The decades-old document, widely condemned as antisemitic, is apparently resonating with a largely Gen Z audience, who’ve read portions of the letter in videos as part of an effort to highlight the plight of the Palestinians in the ongoing Hamas-Israel war.

The sudden renewed interest in bin Laden’s letter, which has been publicly available since at least November 2002, among Gen Zers is not especially alarming, says John Wihbey, an associate professor of journalism and new media at Northeastern University.
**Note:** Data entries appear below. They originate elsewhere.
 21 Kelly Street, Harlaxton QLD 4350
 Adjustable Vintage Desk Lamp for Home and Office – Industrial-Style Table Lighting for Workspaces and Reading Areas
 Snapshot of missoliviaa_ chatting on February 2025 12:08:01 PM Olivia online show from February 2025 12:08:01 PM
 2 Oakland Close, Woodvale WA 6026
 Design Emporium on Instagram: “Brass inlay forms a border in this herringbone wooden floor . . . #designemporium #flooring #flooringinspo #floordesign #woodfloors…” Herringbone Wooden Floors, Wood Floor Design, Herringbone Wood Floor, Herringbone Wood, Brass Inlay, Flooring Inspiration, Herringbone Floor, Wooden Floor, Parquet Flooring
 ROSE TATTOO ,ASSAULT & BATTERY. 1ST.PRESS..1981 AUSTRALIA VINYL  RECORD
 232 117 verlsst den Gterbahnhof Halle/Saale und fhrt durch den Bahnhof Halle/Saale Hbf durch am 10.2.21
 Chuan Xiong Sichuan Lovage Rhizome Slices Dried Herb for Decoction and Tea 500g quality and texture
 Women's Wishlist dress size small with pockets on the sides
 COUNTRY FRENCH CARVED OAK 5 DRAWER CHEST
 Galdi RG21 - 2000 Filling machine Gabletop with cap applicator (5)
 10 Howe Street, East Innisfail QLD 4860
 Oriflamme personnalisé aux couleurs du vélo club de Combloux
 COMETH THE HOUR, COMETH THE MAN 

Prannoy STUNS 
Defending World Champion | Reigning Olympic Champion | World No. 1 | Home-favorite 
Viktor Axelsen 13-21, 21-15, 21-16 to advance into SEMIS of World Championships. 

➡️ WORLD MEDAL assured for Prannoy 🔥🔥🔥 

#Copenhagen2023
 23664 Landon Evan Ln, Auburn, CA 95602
More pressing, Wihbey contends, is the need for greater transparency and data about how, and by what mechanisms, social media companies amplify, curate and rein in the content shared on their platforms. 

Wihbey and Claudia Haupt, professor of law and political science at Northeastern, described the letter as “lawful but awful” content — a term of art that refers to the lines drawn by free speech protections. 

“The First Amendment only applies to protect from the government interfering in speech,” Haupt says.

She says there are numerous examples of “lawful but awful” speech that the First Amendment can’t reach.

“If you are a user of a platform, and the platform moderates the content, that’s not subject to the First Amendment because there’s no involvement from the government,” Haupt says.

“The main point here is that the government may not choose which speech it prefers, or prohibit speech that it dislikes,” she added.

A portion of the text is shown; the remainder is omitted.